Work task
From the material below, set down exactly the lines that run from the one containing "white dove in the sky, AI generated" to the one containing "20250705 ������-400 ����������� 094055.jpg", minus the pictures.

Information provided
========================================

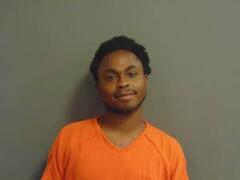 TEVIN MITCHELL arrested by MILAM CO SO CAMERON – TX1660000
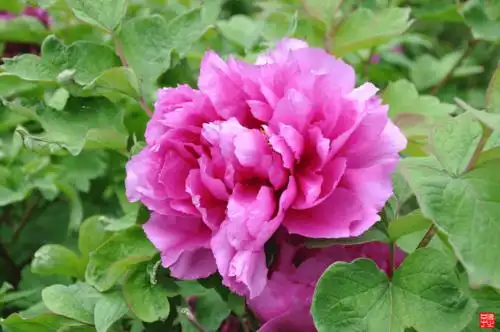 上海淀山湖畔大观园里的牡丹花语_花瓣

========================================

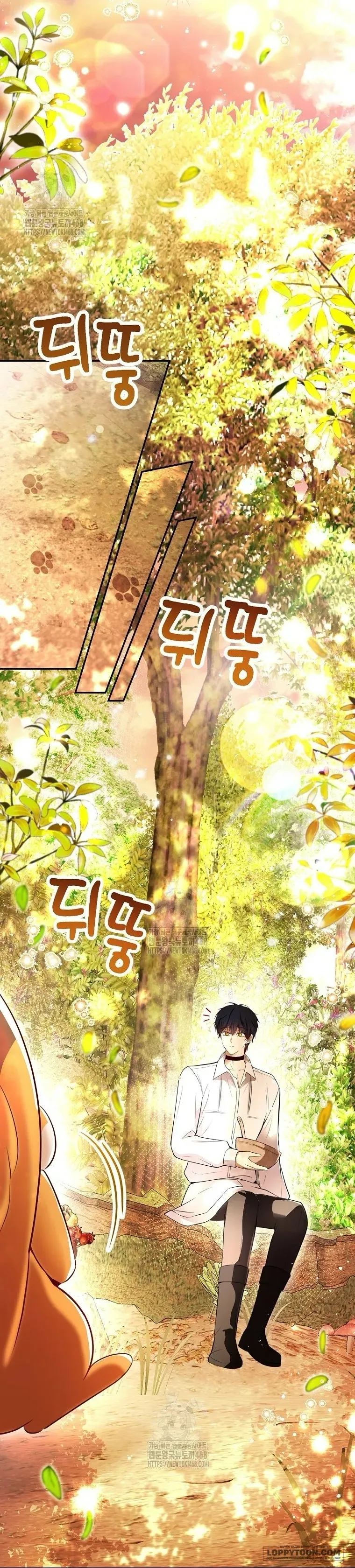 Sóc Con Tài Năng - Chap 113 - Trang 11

========================================

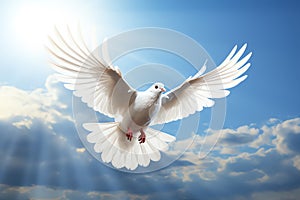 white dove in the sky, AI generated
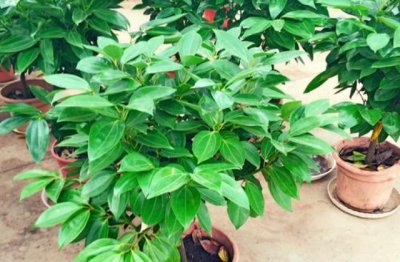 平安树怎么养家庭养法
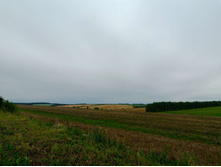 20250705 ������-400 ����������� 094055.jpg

========================================

Completed exercise
 white dove in the sky, AI generated
 平安树怎么养家庭养法
 20250705 ������-400 ����������� 094055.jpg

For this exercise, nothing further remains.